**What the task asks**: The answer is an exact copy of the lines from the one with "Fossil skeleton of" to the end of the listing below, pictures left out.
....................
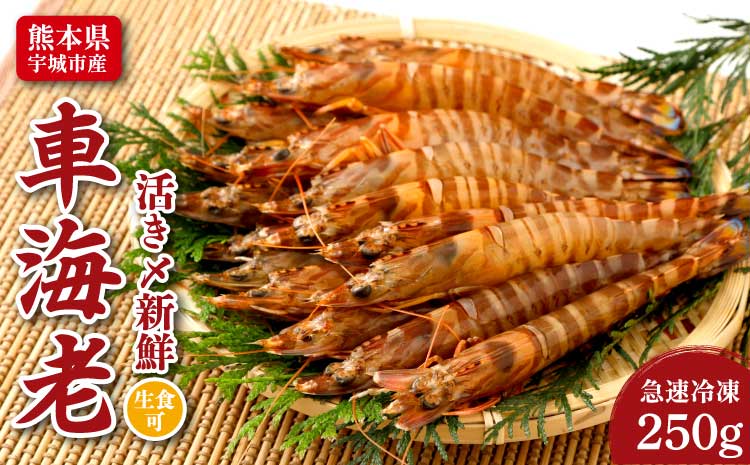 熊本県産 急速冷凍 車海老 250g(9〜13尾) 生食可 瞬間冷凍
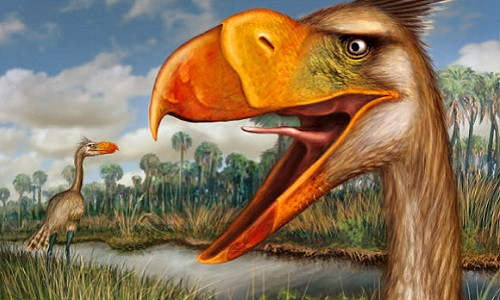 Sở dĩ gọi là chim vì Phorusrhacidae có họ hàng với loài này, nhưng thực tế chúng không biết bay do cánh quá bé để có thể nâng được một thân hình khổng lồ.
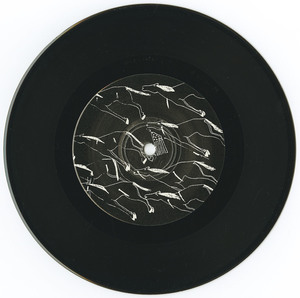 45 kittens   calico vinyl 02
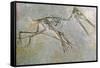 Fossil skeleton of a Pteradactyl-Unknown-Framed Stretched Canvas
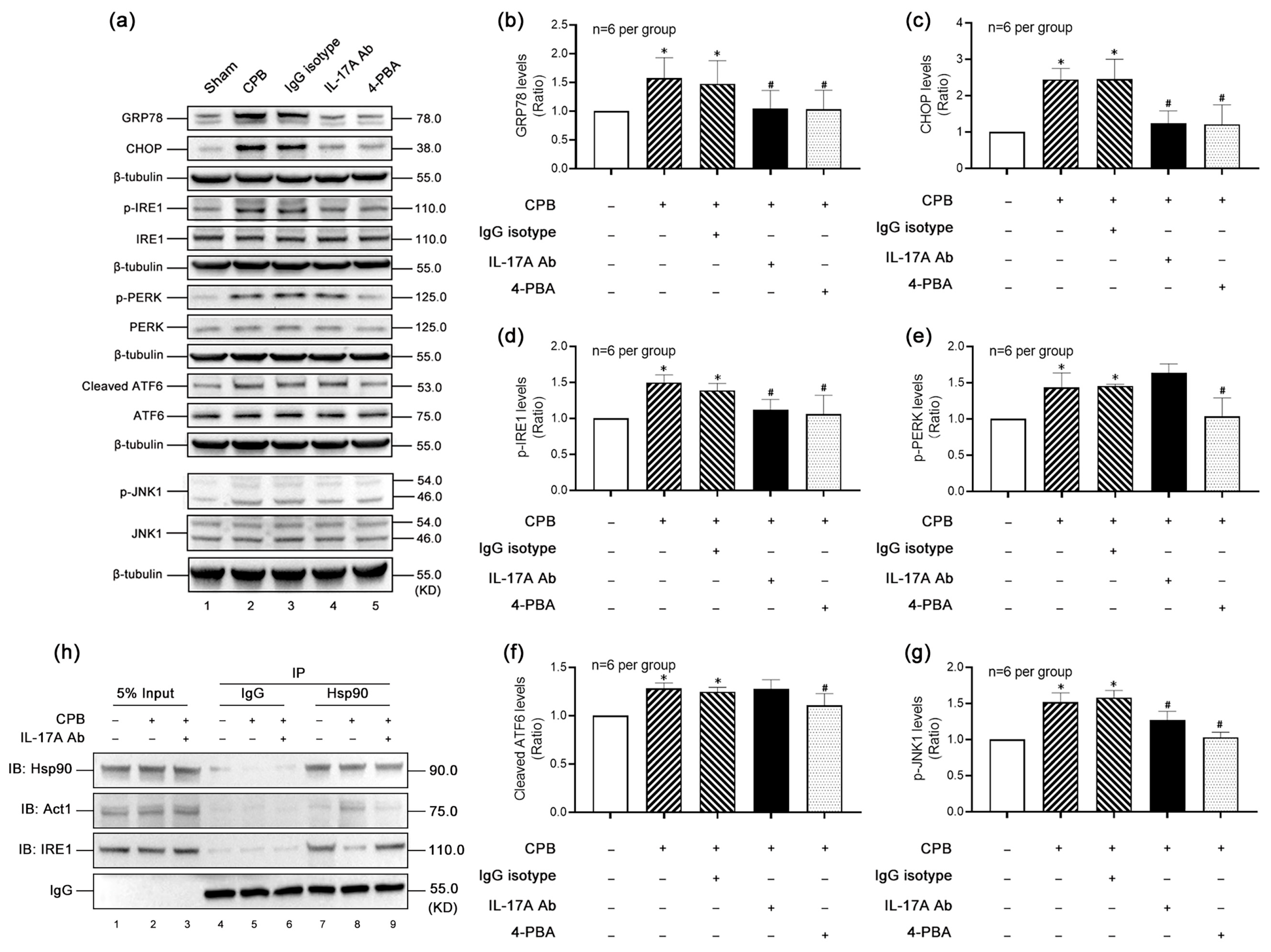 Biomolecules 15 01134 g005 Biomolecules 15 01134 g005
....................
**Answer section**:
 Fossil skeleton of a Pteradactyl-Unknown-Framed Stretched Canvas
 Biomolecules 15 01134 g005 Biomolecules 15 01134 g005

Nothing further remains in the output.